Intents are transforming how we think about interactions on Ethereum.

Instead of rigid transaction paths, intents open up a world where users declare their desired outcome — and the network takes care of the rest. From intent-based applications to modular protocols that compose seamlessly with Ethereum, to full-blown intents-first systems, the possibilities are endless.

But none of these visions can scale without verifiable offchain infrastructure — and that’s where Actively Validated Services (AVSs) come in. In Part 1 of this research series, we’ll dive into the intent-based applications of today: how they operate in both single-domain and cross-chain contexts, and how AVSs can unlock new efficiencies for them.

Let’s dive into the future of intents!

What are intents?

Enough has been written on intents since Chris Goes coined the term while working on Wyvern, the precursor to OpenSea’s famous Seaport contract, so I’ll keep this brief.

Intent allow users to express desired state transitions — subject to specific constraints and preferences. While a traditional transaction locks in a specific execution path (“trade $1000 USDC for ETH on the Uniswap v3 USDC-ETH 0.3% fee pool with no more than 0.5% slippage”), an intent authorizes the desired end state (“trade $1000 USDC for as much ETH as possible”).

From a user’s perspective, intents are typically initiated by signing a message that declares their desired outcome. Once signed, any third party—usually called a solver—can execute the intent. Intents provide several distinct advantages for end users:

1. Revert-Free Guarantee: A Uniswap transaction can fail due to high slippage or insufficient gas, yet the user will still pay gas fees for the failed transaction. With intents, transactions only land onchain if successfully executed.
2. Abstracted Optimization: Users don’t need to worry about finding the best place to swap or getting front-run.

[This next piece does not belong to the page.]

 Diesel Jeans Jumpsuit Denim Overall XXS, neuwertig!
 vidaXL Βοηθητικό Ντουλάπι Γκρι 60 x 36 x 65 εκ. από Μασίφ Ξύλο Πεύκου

They simply submit an intent, and a solver will execute it optimally.
3. Chain Abstraction: Users can sign a single message to transfer assets, without manually bridging across chains. Intents can operate across multiple chains, and users can even allowlist or blocklist certain chains.
4. No Gas Fees: Users don’t need to hold a chain’s native asset or worry about paying gas fees. Solvers handle gas and take their fees in an asset the user already holds.
5. Conditional Execution: Intents are often jokingly called a rebrand of limit orders. For example, a user can set an intent to swap USDC for ETH only if ETH hits $2500.

Flow of an intent

Let’s walk through the flow of an intent in the real world using CoW Swap, an exchange that batches user trades for better execution. CoW Swap is one of the most widely used intent-based apps. Here’s how it works:

1. Users express intents: Users share their limit orders as signed messages to CoW Swap.
2. Protocol shares intents: CoW Swap collects these intents and shares the aggregate with solvers, aiming to find the best overall execution for traders.
3. Solvers compete on intents: Solvers run algorithms to determine the best execution. They look for a coincidence of wants—where two opposing trades, like buying ETH with USDC and selling ETH for USDC, cancel each other out—and they route to both onchain and offchain liquidity sources. Solvers then submit their bids to CoW Swap within the allocated time.
4. Solver settles intents: CoW Swap selects the winning bid and alerts the solver. The winning solver settles all intents in a single transaction.

Overall, CoW Swap delivers many of the key benefits of intents and saves costs by batching orders. However, its atomic settlement only works within a single chain. What happens when we extend intents to cross-chain bridging and swapping?

Cross-chain intents

Cross-chain intents introduce two major challenges: asynchronicity and non-atomicity. When executing an intent across chains, each chain is unaware of the other’s state. Unlike a single-chain transaction, where actions can be bundled into one atomic step, cross-chain transactions must rely on two separate actions—locking collateral on the origin chain and executing on the destination chain—which cannot be combined into a single transaction.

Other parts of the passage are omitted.